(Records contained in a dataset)

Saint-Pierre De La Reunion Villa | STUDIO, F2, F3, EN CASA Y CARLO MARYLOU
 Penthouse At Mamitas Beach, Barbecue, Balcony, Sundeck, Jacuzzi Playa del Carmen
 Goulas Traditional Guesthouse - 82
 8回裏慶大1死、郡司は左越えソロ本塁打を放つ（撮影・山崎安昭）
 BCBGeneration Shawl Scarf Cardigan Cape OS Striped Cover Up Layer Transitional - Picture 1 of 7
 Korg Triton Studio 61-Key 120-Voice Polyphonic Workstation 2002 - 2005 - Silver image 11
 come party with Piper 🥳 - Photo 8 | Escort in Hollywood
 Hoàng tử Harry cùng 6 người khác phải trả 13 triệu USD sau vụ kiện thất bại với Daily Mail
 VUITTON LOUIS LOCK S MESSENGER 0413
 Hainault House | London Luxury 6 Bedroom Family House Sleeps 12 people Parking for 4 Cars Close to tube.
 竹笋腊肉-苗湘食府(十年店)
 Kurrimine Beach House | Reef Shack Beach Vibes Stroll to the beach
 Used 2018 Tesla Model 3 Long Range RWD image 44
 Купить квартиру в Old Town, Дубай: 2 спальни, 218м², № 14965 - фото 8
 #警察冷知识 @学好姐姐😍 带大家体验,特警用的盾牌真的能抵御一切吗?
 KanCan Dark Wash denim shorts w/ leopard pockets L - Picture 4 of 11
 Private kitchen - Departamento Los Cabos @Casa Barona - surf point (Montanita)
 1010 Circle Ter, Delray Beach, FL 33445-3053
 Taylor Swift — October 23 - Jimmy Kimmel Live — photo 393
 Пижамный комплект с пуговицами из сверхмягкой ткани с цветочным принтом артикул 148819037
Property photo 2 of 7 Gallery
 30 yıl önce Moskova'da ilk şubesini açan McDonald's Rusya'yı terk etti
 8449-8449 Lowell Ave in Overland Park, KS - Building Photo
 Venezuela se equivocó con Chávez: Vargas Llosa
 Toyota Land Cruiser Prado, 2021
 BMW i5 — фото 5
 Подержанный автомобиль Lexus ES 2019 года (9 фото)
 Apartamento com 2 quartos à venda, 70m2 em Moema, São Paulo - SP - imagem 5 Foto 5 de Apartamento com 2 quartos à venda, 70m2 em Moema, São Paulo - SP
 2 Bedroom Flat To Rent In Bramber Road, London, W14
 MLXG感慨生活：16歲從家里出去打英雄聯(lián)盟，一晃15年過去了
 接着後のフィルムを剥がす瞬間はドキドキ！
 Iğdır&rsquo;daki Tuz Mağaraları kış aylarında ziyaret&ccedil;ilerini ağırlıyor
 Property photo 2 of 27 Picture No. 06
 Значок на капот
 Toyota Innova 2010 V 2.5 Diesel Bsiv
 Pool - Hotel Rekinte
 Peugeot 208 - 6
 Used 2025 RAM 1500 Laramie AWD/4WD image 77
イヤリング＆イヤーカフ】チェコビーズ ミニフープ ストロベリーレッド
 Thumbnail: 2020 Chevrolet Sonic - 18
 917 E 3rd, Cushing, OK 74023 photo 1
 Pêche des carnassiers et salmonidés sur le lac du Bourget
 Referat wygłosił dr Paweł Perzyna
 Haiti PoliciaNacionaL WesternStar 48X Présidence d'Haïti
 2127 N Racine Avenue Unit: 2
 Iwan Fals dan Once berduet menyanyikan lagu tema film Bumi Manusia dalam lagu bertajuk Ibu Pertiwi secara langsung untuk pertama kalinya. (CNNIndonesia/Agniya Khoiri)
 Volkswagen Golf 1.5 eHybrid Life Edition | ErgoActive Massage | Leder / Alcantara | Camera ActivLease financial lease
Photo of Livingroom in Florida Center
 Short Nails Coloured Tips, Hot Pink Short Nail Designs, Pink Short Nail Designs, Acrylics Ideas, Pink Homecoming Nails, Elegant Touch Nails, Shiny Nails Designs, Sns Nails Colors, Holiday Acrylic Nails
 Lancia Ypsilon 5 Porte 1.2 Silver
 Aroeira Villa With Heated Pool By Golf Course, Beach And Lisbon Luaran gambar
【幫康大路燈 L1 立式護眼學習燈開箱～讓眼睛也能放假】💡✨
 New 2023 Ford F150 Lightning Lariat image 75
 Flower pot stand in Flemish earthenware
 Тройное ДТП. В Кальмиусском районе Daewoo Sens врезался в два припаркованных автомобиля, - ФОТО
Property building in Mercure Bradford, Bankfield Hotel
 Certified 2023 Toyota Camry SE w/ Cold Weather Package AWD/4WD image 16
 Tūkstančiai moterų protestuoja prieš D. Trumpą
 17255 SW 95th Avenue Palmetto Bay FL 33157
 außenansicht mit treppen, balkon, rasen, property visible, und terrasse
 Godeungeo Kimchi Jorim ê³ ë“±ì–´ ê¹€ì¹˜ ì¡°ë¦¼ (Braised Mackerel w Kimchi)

* _PROBLEM TO SOLVE_
Where a line above includes "Golf", copy that line.

* _RESULT OF THE EXERCISE_
 Volkswagen Golf 1.5 eHybrid Life Edition | ErgoActive Massage | Leder / Alcantara | Camera ActivLease financial lease
 Aroeira Villa With Heated Pool By Golf Course, Beach And Lisbon Luaran gambar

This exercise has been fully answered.